General Self-Attention Relations (MiniLMv2):

$R_{U,V}^{(h)} = f\left(U^{(h)} (V^{(h)})^\mathsf{T} / \sqrt{d_k}\right)$

for $(U, V) \in \{Q, K, V\}^2$ , with $f$ being either softmax or identity (for unnormalized affinity), yielding nine distinct relation matrices (Wang et al., 2020).

Distillation Objective:

KL-divergence is employed between teacher and student value-relation matrices:

$L_{\mathrm{VR}} = \frac{1}{A_h |x|} \sum_{a=1}^{A_h} \sum_{t=1}^{|x|} D_{\mathrm{KL}} \left( VR^{\mathrm{T}}_{L,a,t} \,\Vert\, VR^{\mathrm{S}}_{M,a,t} \right)$

where $A_h$ denotes the number of heads and $|x|$ the sequence length (Wang et al., 2020).

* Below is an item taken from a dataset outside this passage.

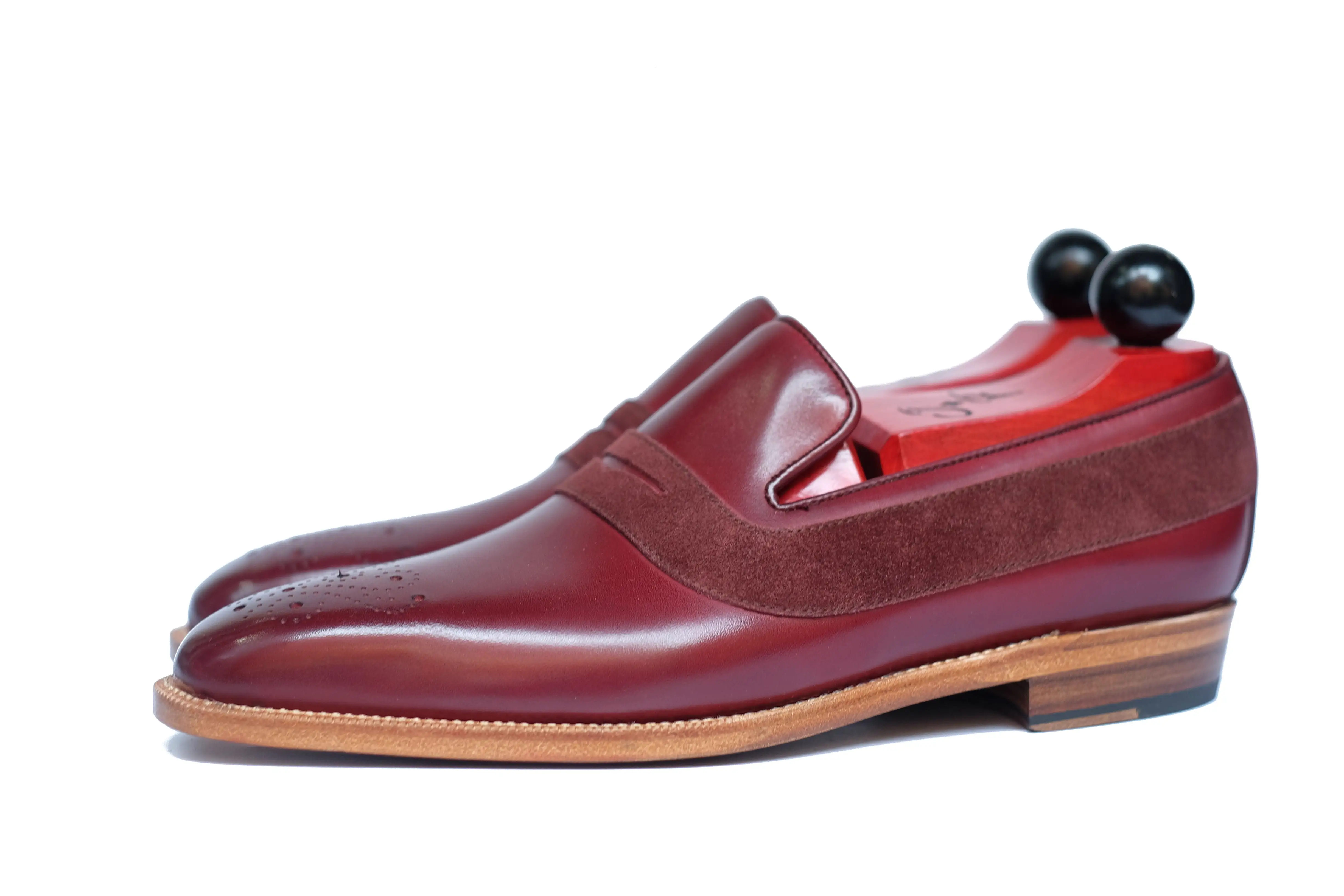 Marcos - MTO - Burgundy Calf / Burgundy Suede - LPB Last - Single Leather Sole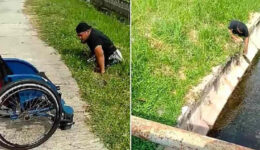 Atleta paralímpico salva vida de gato em esgoto, na Malásia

In structurally-aware attention mechanisms (StructSA), value-relation transfer is realized via convolutional filters over local query–key correlation patches, producing dynamic kernels for aggregating local contexts in the value feature space (Kim et al., 2024).

3. Architectural and Training Design Patterns

Value-relation transfer is typically realized within neural network distillation frameworks that reduce the parameterization or adapt the inductive biases of Transformers:

Layer Selection: Original MiniLM distills only the last teacher Transformer layer, but MiniLMv2 (and vision models) show superior results when transferring from upper-middle layers, especially in deep architectures.
Head Flexibility: By concatenating and slicing $Q$ , $K$ , and $V$ across all teacher heads into “relation heads,” MiniLMv2 removes the constraint that student and teacher must use the same number of attention heads (Wang et al., 2020).
Teacher Assistant Strategy: A two-stage distillation “teacher assistant” is used when the student is much smaller, stabilizing training by bridging the capacity gap (Wang et al., 2020).
Region Pooling (SATS): For dense spatial data, relation transfer leverages class-specific region pooling to produce per-class attention vectors, thus efficiently summarizing intra- and inter-class affinities across image tokens (Qiu et al., 2022).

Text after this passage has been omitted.